Não digo que seja necessário para a perfeição de uma quadra histórica, o estudo pormenorizado da filosofia por parte de todos os seus habitantes. Basta que o diapasão correto esteja no ar, que os va­lores sejam propostos à opinião pública na sua justa posição, que as fórmulas mais científicas da metafísica produzam ecos culturais de senso comum, de geral assentimento; basta a retificação das pontas, dos vértices da sociedade, para que a grande maioria de vontades ou inteligências disponíveis, neutras, acompanhe o passo da dança. Sob o ponto de vista das causas materiais (que não convém nunca subes­timar ou desprezar) é verdade que o mundo é conduzido por marés poderosas que vêm das chamadas massas populares. E é verdade que nesses movimentos de massas, à medida que sobe o número, baixa o teor de racionalidade, de liberdade, de específica humanidade. San­to Tomás de Aquino observa que é perfeitamente lícito o emprego de um moderado determinismo, ou de um probabilismo, quando se trata de grandes números. Mas não é menos verdade que essa mes­ma massa, esse mesmo grande número estão sujeitos e são sensíveis às formas propostas por uma minoria ativa. Não há exemplo mais estridente disto do que o próprio marxismo, que se tornou uma espécie de bambolê com que milhões de homens dançaram, tendo sido lançado por uma pequena fábrica alemã. A história vai assim, aos trancos e barrancos, dependendo em cada instante do fator que prevalece. Ora é a idéia, conduzida por uma minoria; ora é a inércia, o ímpeto obscuro e irracional dos movimentos coletivos desenca­deados em período anterior por alguma idéia de algum pequeno grupo. E nesses movimentos irracionais das massas é preciso incluir muitas academias de aparentes líderes da idéia mal assimilada.

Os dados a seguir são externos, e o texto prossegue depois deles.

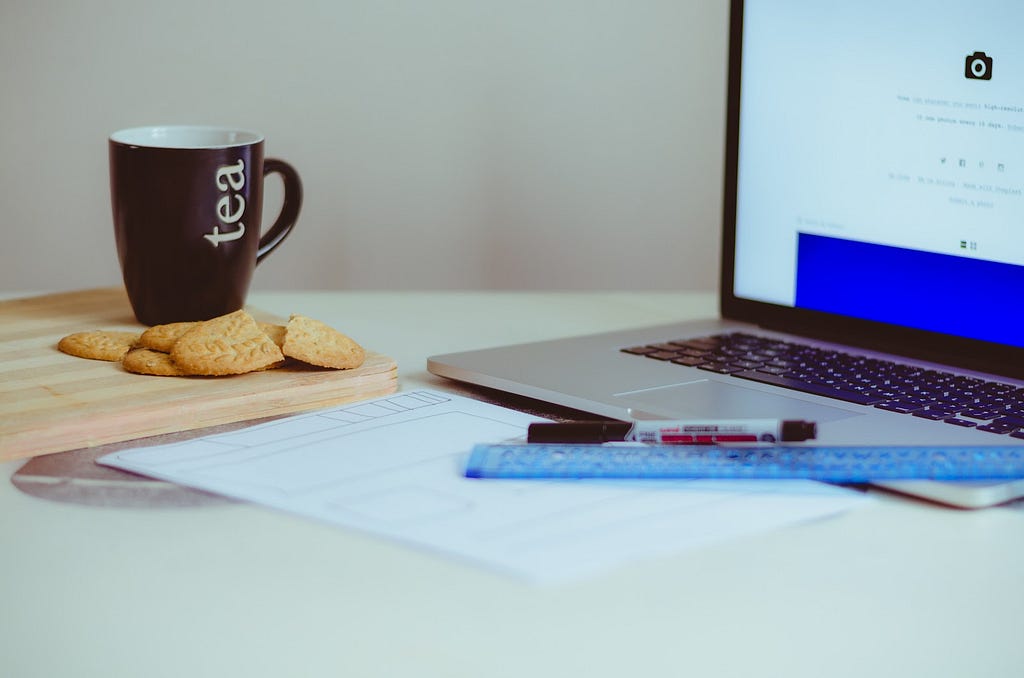 A mug of tea sits beside a laptop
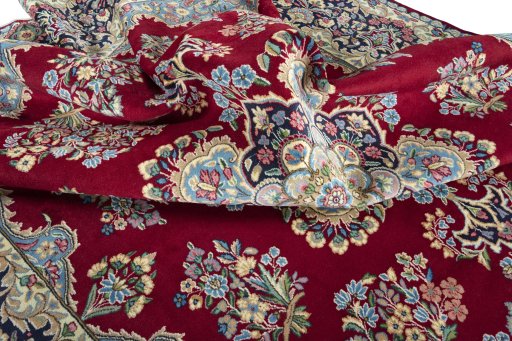 Surface texture of 2000s Kerman rug with natural Wool and intricate pattern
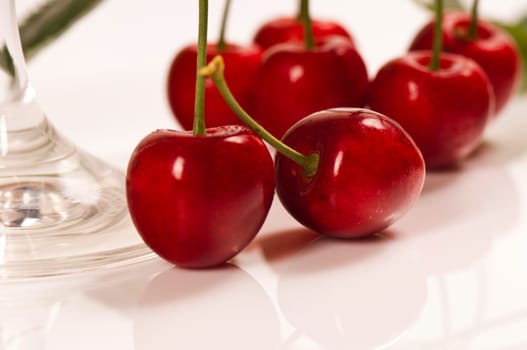 Fresh cherries against white background
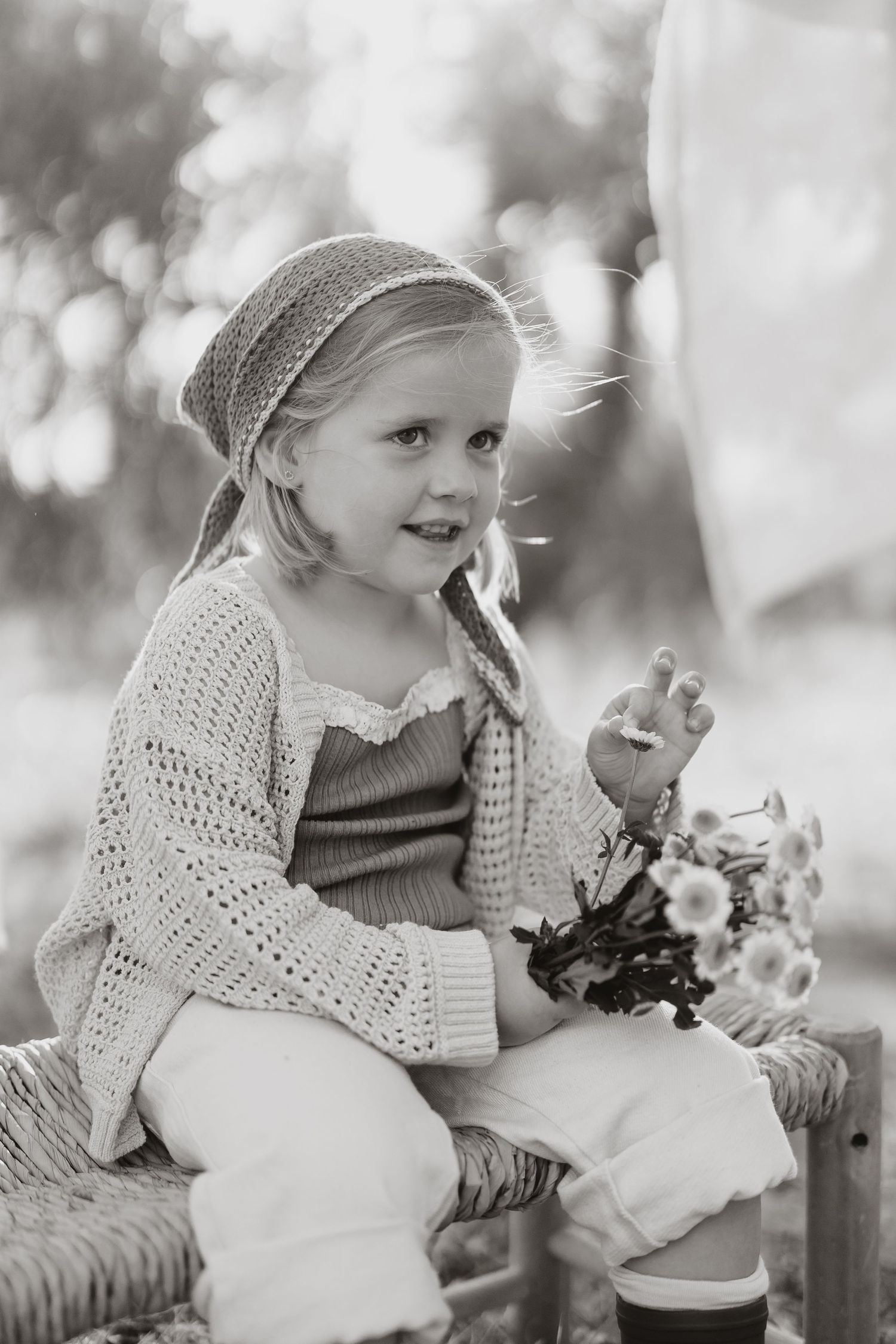 Black and white portrait of child in headscarf and sweater holding flowers on rustic bench.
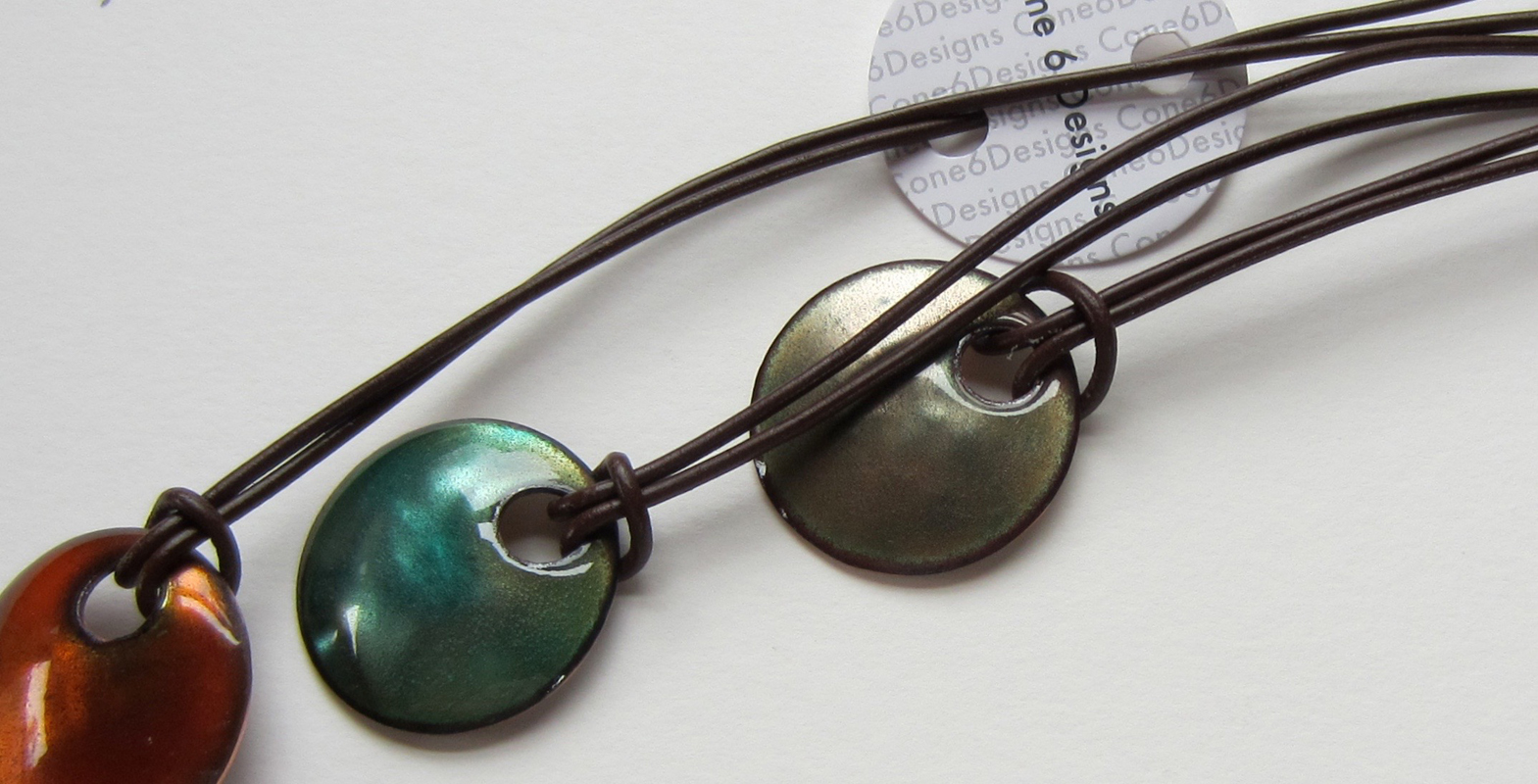 Three domed 1 1/4 inch necklaces. Enamel on Copper with leather necklace.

Aqui em nosso meio, os movimentos do marxismo estudantil pertencem mais à causa material do que à formal. São repetições caligráficas, pueris, do que não chegaram a aprender, e do que pro­fessam para terem ar de quem está inserido no grande ciclo, ou para fugirem à solidão das perplexidades sem eco.
O ponto em que insisto é o da importância da metafísica na estrutura da sociedade. Só ela, como teologia natural, pode dar uni­dade a uma cultura, e algum entendimento entre os homens.

Mas há, evidentemente, uma metafísica verdadeira e outra errônea; uma boa e outra má; uma genuína e outra falsificada. Creio que a pior, a mais falsa e mais errônea das metafísicas é aquela que se faz para se de­monstrar que não há metafísica ou que foi superada a necessidade dela.